* Exercise
Once you reach the line that holds "UT license plate D030MG" in the listing below, output it and every line after it through the line that holds "Mix of nuts as a background.", word for word.

* Stored data

------

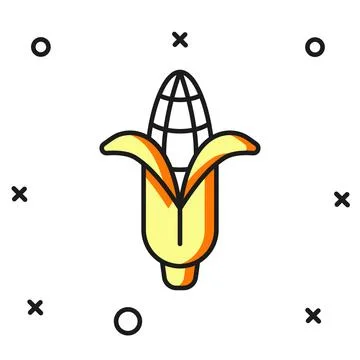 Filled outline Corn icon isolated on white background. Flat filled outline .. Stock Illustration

------

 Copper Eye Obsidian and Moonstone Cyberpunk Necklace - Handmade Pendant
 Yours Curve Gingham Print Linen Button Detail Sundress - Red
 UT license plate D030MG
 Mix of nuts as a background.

------

* Exercise response
 UT license plate D030MG
 Mix of nuts as a background.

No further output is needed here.